Menariknya dalam laporan yang sama, ditemukan bahwa produk yang akan mengalami peningkatan jual kembali adalah produk fesyen; elektronik; perabotan rumah; dan buku. Hal ini mengindikasikan bahwa sebenarnya konsumen bukan tidak ingin membeli produk bekas, tapi sejatinya yang dibutuhkan adalah akses jual beli yang mudah dan instan.

Stigma Generasi Z yang konsumtif, ternyata tidak terbukti. Malahan, laporan Chairish menunjukkan kalau 80% generasi muda seperti Gen Z tidak merasa masalah jika mereka membeli barang bekas terutama produk fesyen. Alasannya adalah karena mereka semakin paham tentang pentingnya keberlangsungan alam di mulai dari produk yang dibeli.

Komitmen pada ekonomi sirkular ini akhirnya membuat pendiri Chairish Greg dan Anna mendapat penghargaan sebagai Best of Green Changemakers dari situs gaya hidup ramah lingkungan Trehugger.

Situasi Jual Beli Furnitur Bekas di Indonesia

Di Indonesia tren belanja daring memang telah memasuki babak yang matang. Data Badan Pusat Statistik (BPS) di laporan Statistik E-Commerce 2020 menyebutkan bahwa setidaknya ada 16.277 pelaku usaha ecommerce di Indonesia. 8,29 persen dari pelaku usaha tersebut adalah jual beli barang rumah tangga furnitur, peralatan dapur, dan lain-lain.

Namun sejauh ini tidak ada data berapa besar nilai dari industri funitur. Data yang teknoia dapatkan hanyalah informasi Kementerian Perindustrian yang menjelaskan bahwa di sektor industri furnitur, terdapat 1.114 perusahaan yang tersebar di berbagai wilayah Indonesia.

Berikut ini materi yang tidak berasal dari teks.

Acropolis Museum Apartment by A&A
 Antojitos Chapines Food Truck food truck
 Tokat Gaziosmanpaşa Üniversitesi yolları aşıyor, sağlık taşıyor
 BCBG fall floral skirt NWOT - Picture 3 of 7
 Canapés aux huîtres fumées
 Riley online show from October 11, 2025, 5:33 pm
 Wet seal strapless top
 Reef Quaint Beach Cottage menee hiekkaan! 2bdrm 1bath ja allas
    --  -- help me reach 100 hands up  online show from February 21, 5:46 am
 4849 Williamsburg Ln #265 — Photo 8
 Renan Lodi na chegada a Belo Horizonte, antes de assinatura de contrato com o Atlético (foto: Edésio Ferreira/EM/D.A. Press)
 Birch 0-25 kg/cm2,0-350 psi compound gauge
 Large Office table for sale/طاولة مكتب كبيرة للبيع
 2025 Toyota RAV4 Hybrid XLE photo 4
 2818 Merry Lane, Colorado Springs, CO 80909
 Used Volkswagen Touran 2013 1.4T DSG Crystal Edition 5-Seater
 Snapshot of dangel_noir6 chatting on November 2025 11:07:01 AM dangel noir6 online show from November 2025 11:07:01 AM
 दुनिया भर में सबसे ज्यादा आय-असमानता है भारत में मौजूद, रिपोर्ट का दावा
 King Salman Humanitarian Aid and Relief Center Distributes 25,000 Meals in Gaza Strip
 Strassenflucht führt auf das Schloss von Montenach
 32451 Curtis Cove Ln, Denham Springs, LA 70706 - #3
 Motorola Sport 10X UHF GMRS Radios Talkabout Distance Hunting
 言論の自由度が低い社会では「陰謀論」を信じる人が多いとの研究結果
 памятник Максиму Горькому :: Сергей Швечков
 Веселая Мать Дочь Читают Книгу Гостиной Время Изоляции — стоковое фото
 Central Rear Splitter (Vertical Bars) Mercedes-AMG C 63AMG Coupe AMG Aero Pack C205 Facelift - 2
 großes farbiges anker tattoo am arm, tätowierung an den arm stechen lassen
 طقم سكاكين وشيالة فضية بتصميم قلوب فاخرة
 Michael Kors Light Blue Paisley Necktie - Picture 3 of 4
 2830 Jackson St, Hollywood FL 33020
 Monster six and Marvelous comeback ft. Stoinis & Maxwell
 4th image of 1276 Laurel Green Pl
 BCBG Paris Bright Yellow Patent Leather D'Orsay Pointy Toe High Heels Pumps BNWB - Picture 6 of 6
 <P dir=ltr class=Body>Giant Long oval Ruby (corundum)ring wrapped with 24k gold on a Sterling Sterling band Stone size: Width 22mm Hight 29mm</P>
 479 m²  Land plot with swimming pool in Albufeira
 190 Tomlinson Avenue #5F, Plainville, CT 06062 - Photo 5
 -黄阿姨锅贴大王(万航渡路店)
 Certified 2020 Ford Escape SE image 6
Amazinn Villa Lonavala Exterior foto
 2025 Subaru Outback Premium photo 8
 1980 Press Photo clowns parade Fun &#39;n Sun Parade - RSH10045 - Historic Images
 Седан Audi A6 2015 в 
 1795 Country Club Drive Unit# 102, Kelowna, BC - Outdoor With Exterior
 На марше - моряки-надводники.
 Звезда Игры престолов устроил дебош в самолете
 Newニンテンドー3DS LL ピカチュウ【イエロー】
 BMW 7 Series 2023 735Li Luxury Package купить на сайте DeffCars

Kapasitas produksinya sendiri mencapai 2,9 ton furnitur setiap tahun.

Pun tidak jelas ada data yang jelas mengenai seberapa besar limbah furnitur bekas di Indonesia. Persoalan data limbah adalah masalah serius yang bertahun-tahun Indonesia tidak juga benahi. Tanpa data ini, pelaku usaha ekonomi sirkular tidak memiliki pedoman yang jelas berapa nilai bisnis mereka sesungguhnya.

Tidak heran jika kemudian di Indonesia industri ekonomi sirkular untuk furnitur misalnya seperti tidak berkembang. Paradigma lama tentang furnitur bekas ya biarkan saja terbuang ke pembuangan sampah. Atau bahkan jika terlalu besar wujudnya, harus dibongkar terlebih dahulu kemudian dibuang. Padahal bisa jadi furnitur tersebut masih sangat layak untuk digunakan dan dijual kembali.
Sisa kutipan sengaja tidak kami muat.